How long did it take you to write your script...and what is your writing process? Do you outline...use index cards...white board...or just start with FADE IN?
It took roughly a month to complete the 1st draft, 2 months of consistent screenplay coverage and notes from trusted associates for subsequent drafts. I don’t outline, nor do I use index cards. I establish the major elements that my main characters want/need and who or what is standing in their way. From there I jump in. I’ll write the first scene then step away, when I return, I start from the beginning and rewrite my way to a 1st draft if that makes sense.
What is your ultimate ambition as a writer?
My ultimate ambition as a writer is to create/co-create and sell a series I’d love to watch.
Was your entry at The Wiki Screenplay Contest a full script or “the first ten pages”? Why did you make that choice?
I went “the first ten pages” route because I feel like if I can’t hook you in 10 pages, there’s really no need to read all 60-70 that I’ve written, unless of course you like me as a human lol.
What’s your all-time favorite movie or television show...and why?
Always a tough question, my co-creator Sherese is the tv watcher on the team, I’m the researcher. There isn’t a series on television that she hasn’t at least explored. She watches everything and is able to relay what works and what doesn’t necessarily translate for her. I on the other hand, don’t watch a lot of television. This may seem highly counterproductive as an aspiring tv writer but I prefer to remain as sheltered and shielded from a lot of current programming because I don’t want to write in the vein of, the style of, or the way of, unless I am hired to do so.
As an aspiring writer, I prefer to showcase my own voice using my own vein, style and way of writing and in order for me to advance. I am highly selective of the content I consume. That being said, if I had to choose, it would be The Wire. Not because it was such a visceral story about corruption, blight, and hanging on to hope where it’s scarce because it was, but The Wire resonated with me because there were real flesh and blood characters that lived and interacted in these worlds no different than mine. Worlds that didn’t need massive heists, explosions, or highly coordinated elaborate action scenes, just characters trying they're best to keep the devil way down in the hole.

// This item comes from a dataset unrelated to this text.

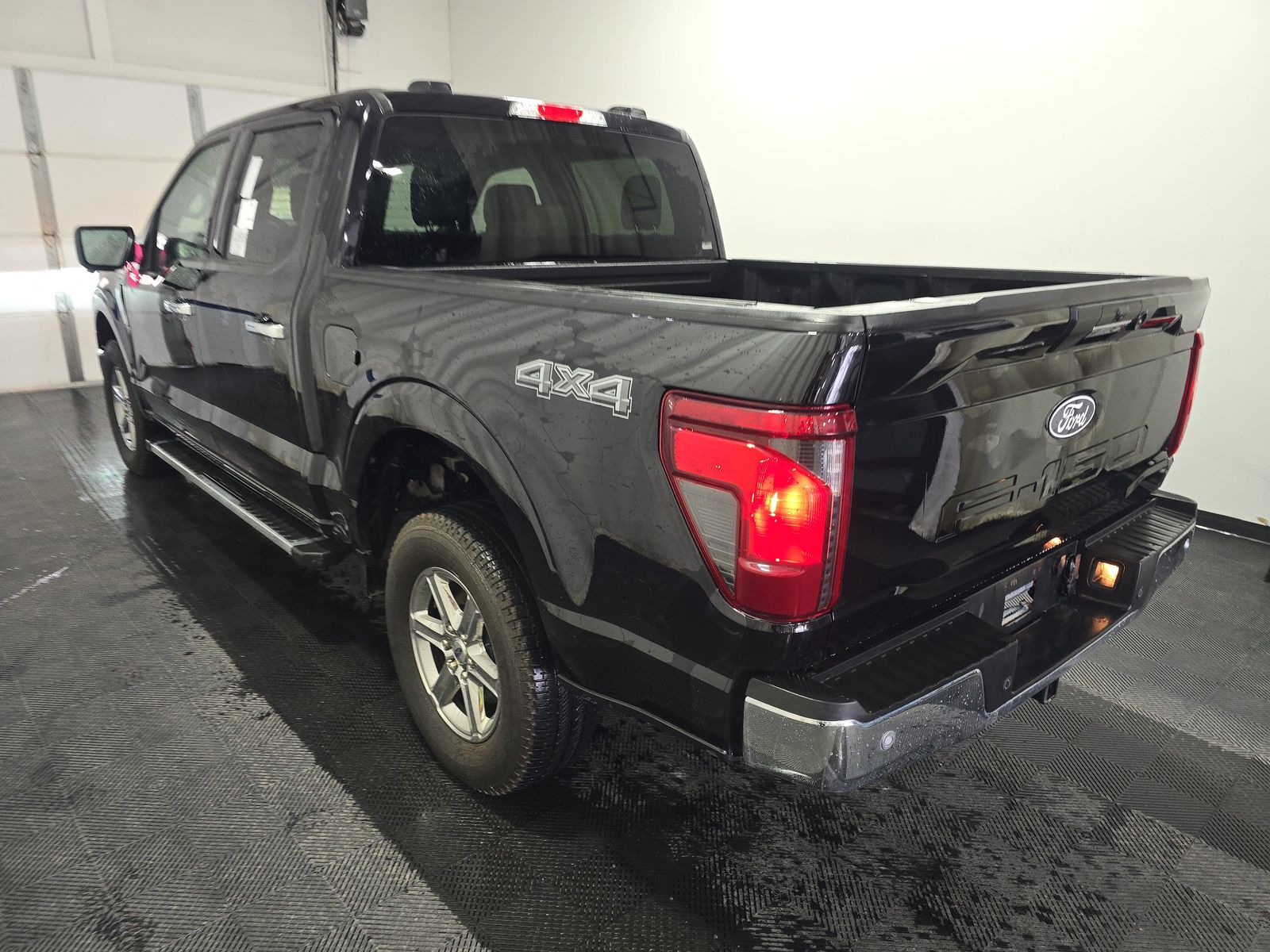 2024 Ford F-150 XLT AWD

What advice do you have for writers hoping to win a contest or place as a finalist as you have?
I don’t know that I have advice other than, as an aspiring writer, you’re going to be told which contests are the cream of the crop, which contests are meaningless, a lot of the minutia that can discourage a writer form entering at all. I say enter them all, the ultimate goal is to get better and the only way to get better is to get out there and spar with your peers. If 5 people enter a competition, then you’ve got to show up as if 5,000 entered. At the end of the day a win is a win and that’s ultimately the goal. Granted, there is a hierarchy of contests that vary in difficulty and competitiveness but again, that shouldn’t discourage you from entering.
What else are you working on that the world needs to know about?
I’m working on another series I have in development as a result of a Grand Prize win in a previous competition. While I’d love to go into detail, I can say it is an exciting, complex story of characters with divergent inner conflicts.